Task item
Each line below from the one containing "Resale - Townhouse - Algueña - Inland" through the one containing "house of common Slip On For Men(Tan , 6)" is to be given again exactly, and no line outside that span.

Records to use
--- START ---
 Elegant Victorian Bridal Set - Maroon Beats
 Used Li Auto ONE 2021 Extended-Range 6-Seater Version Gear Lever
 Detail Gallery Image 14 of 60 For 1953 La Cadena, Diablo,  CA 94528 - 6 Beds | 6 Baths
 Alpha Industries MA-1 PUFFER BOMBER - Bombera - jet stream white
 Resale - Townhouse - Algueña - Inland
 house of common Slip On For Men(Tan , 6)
--- END ---
--- START ---
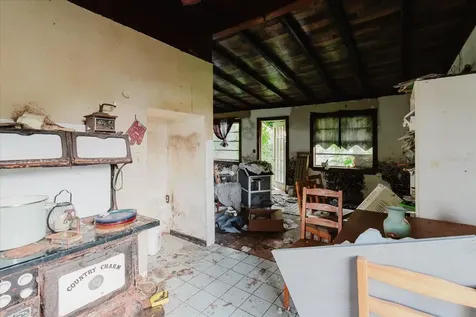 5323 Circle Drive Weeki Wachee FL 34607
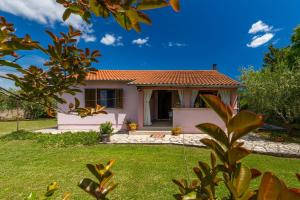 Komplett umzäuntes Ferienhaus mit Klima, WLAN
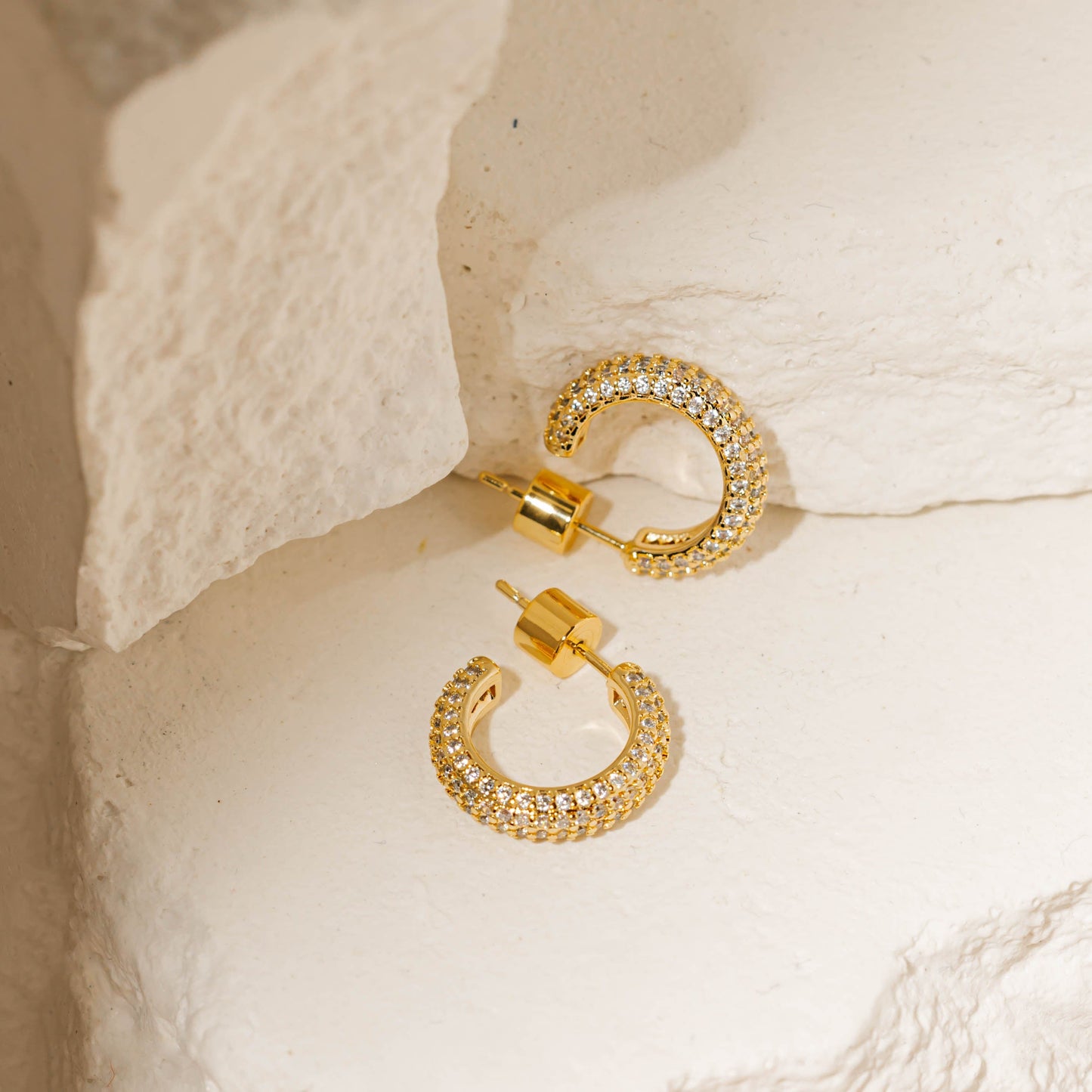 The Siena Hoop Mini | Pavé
--- END ---
Solution for this problem
 Resale - Townhouse - Algueña - Inland
 house of common Slip On For Men(Tan , 6)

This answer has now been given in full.